Results highlight a widespread training need in incumbent PH workforce to address the data-related/technical skills gaps. Multi-pronged training approaches are critical to building a data and informatics-savvy PH workforce.

Keywords: digital public health, informatics workforce, public health informatics, public health workforce development, technical skills assessment

1. Introduction

Data is the backbone of public health and is increasingly important given the growing adoption of digital tools to support various public health services and programs. The 2025 core data functions and capabilities report from the Council of State and Territorial Epidemiologists (CSTE) (1) advocates the need for a skilled workforce capable of systems modernization aligning with evolving data standards and the need for training to build data analytic capabilities. The CSTE report in 2024 had also pointed out to informatics as a growth area with data modernization (2). The 2024 informatics profile from the National Association of County and City Health Officials (NACCHO) identified informatics as an area of staff training needs (3). This assessment highlighted the fact that more than half (61%) of local health departments (LHD) had no staff dedicated to informatics services. The limited informatics staff capacity in small and rural local health departments is attributed to a growing digital divide and a limiting factor in implementing data modernization projects (4).

The Public Health Data Strategy (PHDS) (5) was launched by the US Centers for Disease Control and Prevention (CDC) to modernize the nation’s public health data systems. This aims to provide timely and actionable information by addressing gaps in data and reducing the complexity of data exchange. The PHDS recognizes workforce as an important component and supports the Workforce Acceleration Initiative (WAI) (6). This initiative accelerates and bolsters various information system improvements by providing the needed data and technology experts for placement in public health agencies. As these placements are fulfilled by experts who are novice to public health, the WAI also provides core training in public health and public health informatics.

Building the Public Health Informatics (PHI) workforce was among the key strategies to strengthen the U.S. public health information infrastructure, per recommendations from the American College of Medical Informatics (ACMI) (7). Public health education in majority of academic programs does not include informatics and data science as one of the core competencies (8). Additionally, there is paucity of interprofessional training between public health and information technology (IT) (8). This scenario has led to many public health agencies lacking a skilled workforce needed for systems modernization projects. The NACCHO report underscored the need to upskill the incumbent governmental public health workforce with informatics and data science training (3).
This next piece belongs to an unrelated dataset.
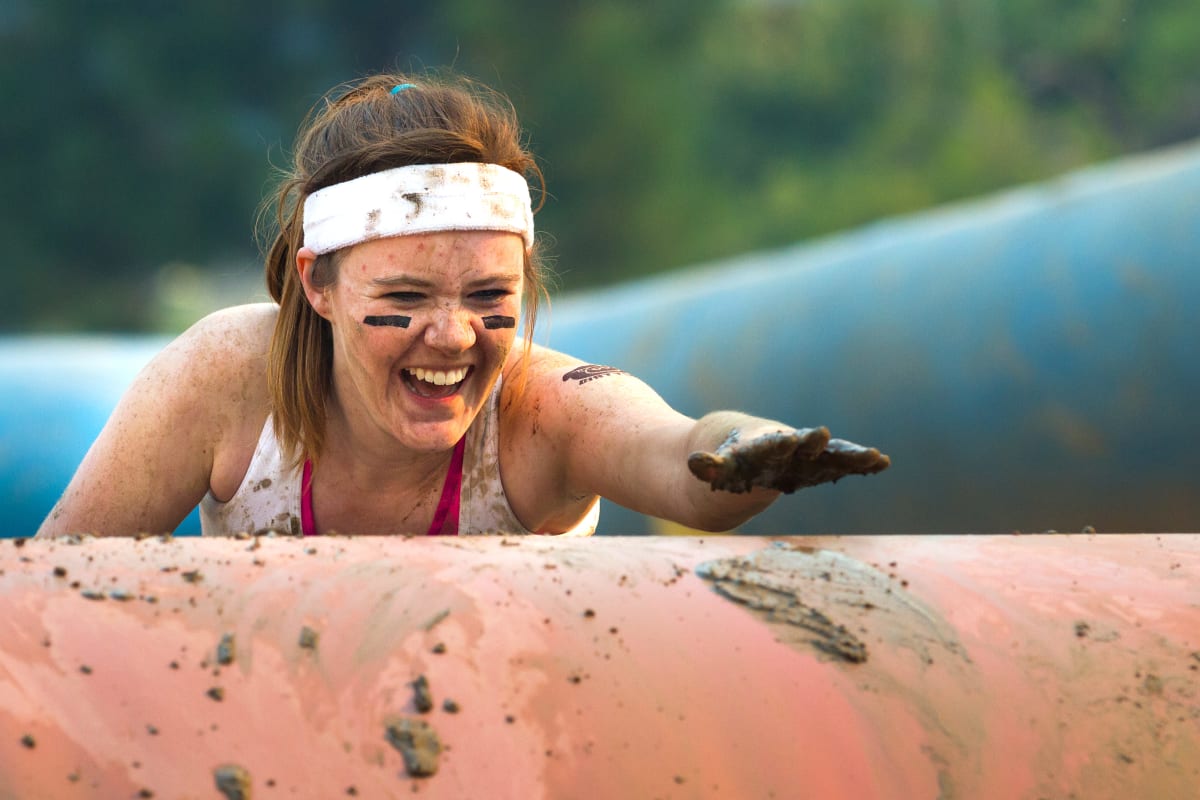 A woman having fun on an assault course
Prior research highlighted the scarcity of PHI specialists who accounted for less than 2% of the governmental public health workforce (9). A gap analysis of skills related to informatics-related tasks was done and the study noted that the PHI specialists reported lower skill gaps in data/informatics areas when compared to other public health roles. Given the growing importance of an informatics-savvy workforce, it is vital to assess and understand the current state of data and informatics-related skills needs in the incumbent public health workforce.
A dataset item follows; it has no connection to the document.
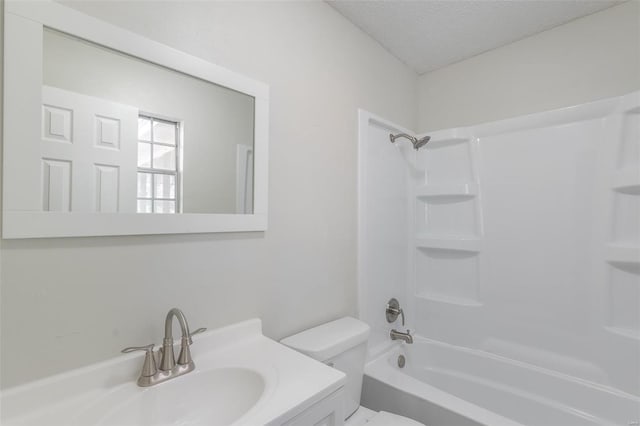 full bathroom featuring vanity, toilet, a textured ceiling, and  shower combination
The Public Health Workforce Interests and Needs Survey (PH WINS) (10), a nationally representative survey of the governmental public health workforce, can facilitate the understanding of skill needs related to public health practice in the digital age. This survey has self-reported data on skills and their importance to a specific job role across multiple job classifications and various public health settings. The objective of this research is to analyze the recent PH WINS data from 2024 to generate insights on data and informatics-related training needs across job classifications and public health settings. The overarching goal is to advocate for targeted training programs that prepare the current public health students with adequate digital skills and upskill the current workforce for adaptation to the digital age, recognizing the gaps identified by various roles.

2. Methods

The PH WINS survey aims to measure the strengths and gaps related to training, recruitment, and retention in the US governmental public health workforce. This is a collaboration of the de Beaumont Foundation and the Association of State and Territorial Health Officials. It is the only nationally representative data currently available on the governmental public health workforce and has been conducted 4 times to date (2014, 2017, 2021, 2024). The survey instrument is publicly available (11), and the data is made available to select group of researchers. Detailed methodology has been published by the PH WINS research team (12), and in the 2024 survey cycle, a nationally representative sample of small LHDs was achieved for the first time, as all state and local public health departments in the US had the opportunity for participation.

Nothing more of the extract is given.